There are many foods which are termed “shelf stable”. These foods can last for years and “best before” labelling is quite irrelevant to such products as it has nothing to do with food safety, but rather food quality. Hence, perfectly safe food is often discarded because the perception is created that the food is no longer safe for human consumption, which is not the case.
This impacts negatively on food security, which is so important in South Africa and contributes to food waste, which is a globally increasing problem.
Dr Lucia conducted an interview for KykNet (an Afrikaans TV channel in South Africa) on this topic, in which she discusses this issue and clarifies a number of concepts.
In the media
#ConsumerWatch: Confusion around best-before dates causing unnecessary waste
24 March 2019, Independent Online
Renowned food safety expert Dr Lucia Anelich said: “Shelf-stable foods, such as canned soup and flour, don’t normally need the fridge. They can stand at room temperature and not spoil. If the best-before date has been exceeded it tells you it might not be as before, but the quality doesn’t dip for a while. Eventually, nuts will go rancid, biscuits become soggy, coffee won’t taste as fresh. But it’s definitely not a safety issue.”
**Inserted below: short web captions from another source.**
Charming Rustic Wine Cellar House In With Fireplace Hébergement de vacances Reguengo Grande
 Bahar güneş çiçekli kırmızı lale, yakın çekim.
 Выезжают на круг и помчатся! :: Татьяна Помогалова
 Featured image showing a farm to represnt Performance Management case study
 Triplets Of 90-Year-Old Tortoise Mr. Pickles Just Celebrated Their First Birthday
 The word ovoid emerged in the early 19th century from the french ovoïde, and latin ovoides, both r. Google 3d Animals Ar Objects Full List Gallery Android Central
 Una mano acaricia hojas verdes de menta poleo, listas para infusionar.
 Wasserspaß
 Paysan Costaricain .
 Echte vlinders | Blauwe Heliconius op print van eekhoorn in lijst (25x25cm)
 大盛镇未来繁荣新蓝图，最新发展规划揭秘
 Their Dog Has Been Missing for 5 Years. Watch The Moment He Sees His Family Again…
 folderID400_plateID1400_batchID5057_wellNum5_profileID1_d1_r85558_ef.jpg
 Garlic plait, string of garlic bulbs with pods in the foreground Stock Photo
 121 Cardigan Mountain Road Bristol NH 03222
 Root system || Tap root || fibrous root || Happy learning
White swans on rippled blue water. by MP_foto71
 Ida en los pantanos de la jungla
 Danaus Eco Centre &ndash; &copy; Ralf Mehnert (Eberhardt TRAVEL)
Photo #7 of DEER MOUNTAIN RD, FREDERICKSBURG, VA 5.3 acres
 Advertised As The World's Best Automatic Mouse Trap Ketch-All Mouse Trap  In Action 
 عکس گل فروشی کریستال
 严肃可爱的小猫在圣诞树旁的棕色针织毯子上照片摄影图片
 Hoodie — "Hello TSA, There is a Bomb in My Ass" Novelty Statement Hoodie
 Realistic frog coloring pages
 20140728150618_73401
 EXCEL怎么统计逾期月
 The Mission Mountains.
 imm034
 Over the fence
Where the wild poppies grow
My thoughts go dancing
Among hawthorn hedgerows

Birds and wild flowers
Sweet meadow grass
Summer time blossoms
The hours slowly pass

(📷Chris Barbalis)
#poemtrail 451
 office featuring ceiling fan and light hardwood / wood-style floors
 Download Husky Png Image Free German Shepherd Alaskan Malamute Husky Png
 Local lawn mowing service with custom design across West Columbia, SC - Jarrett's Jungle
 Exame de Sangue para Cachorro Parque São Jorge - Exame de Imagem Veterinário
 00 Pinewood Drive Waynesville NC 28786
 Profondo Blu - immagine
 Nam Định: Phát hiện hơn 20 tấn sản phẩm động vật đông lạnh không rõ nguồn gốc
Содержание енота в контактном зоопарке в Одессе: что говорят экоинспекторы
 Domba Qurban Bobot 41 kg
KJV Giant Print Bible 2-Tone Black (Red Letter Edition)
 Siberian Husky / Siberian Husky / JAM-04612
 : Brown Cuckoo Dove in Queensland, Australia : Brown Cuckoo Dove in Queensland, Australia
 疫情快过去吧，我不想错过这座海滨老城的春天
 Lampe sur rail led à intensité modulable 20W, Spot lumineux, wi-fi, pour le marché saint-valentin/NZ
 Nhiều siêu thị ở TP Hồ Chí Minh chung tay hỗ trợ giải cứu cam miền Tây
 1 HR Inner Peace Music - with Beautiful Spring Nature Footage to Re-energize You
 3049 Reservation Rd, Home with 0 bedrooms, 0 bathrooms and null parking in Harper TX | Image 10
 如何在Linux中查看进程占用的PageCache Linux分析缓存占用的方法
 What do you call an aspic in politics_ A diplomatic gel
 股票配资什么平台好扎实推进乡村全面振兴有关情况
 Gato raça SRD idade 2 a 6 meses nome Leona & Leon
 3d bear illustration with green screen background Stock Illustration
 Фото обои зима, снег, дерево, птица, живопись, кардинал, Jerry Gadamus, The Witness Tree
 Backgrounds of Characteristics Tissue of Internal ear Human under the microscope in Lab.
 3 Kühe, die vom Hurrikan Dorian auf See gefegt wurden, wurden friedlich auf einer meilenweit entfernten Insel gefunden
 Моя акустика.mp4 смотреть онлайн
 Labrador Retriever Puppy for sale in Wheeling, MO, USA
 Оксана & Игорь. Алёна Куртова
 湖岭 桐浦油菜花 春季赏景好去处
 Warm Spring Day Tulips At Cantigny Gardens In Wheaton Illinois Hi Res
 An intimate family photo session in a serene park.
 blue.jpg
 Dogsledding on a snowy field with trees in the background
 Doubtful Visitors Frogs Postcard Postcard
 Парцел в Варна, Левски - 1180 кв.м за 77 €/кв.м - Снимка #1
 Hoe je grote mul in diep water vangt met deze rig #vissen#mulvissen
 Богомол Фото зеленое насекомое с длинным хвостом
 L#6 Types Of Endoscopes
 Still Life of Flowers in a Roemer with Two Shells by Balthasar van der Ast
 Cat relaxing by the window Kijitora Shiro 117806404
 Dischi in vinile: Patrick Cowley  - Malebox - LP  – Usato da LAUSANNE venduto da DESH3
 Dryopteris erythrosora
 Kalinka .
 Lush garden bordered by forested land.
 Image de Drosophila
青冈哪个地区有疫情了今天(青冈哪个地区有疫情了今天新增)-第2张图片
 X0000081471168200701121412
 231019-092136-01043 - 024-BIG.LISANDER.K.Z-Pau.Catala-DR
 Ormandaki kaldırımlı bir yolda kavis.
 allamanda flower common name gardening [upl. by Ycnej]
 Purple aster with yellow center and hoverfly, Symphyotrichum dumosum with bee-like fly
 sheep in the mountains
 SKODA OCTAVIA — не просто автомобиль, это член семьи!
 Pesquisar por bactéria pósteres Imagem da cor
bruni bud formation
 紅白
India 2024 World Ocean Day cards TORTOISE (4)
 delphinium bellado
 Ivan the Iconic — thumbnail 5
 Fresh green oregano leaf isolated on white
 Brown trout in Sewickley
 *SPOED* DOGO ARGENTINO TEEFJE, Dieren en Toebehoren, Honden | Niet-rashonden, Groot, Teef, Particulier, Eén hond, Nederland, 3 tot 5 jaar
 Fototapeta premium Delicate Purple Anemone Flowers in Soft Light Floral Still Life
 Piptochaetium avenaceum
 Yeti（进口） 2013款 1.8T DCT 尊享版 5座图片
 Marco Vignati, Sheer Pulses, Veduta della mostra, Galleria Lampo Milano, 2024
Chocolates sold to public after best-before date
12 November 2018, City Press
Food safety expert Dr Lucia Anelich said best-before dates were an indication of quality, not safety. “If one exceeds the best-before date for a chocolate bar, for example, it may mean that the quality of the chocolate and ingredients, for example nuts, may deteriorate.
‘Fake’ food likely a hoax – and here’s which ‘expired’ items you can safely eat
31 August 2018, Times Live
“These foods can last for years and ‘best before’ labelling is quite irrelevant to such products‚ as it has nothing to do with food safety but rather food quality‚” says Dr Lucia Anelich‚ food safety expert and president of the SA Association of Food Science and Technology.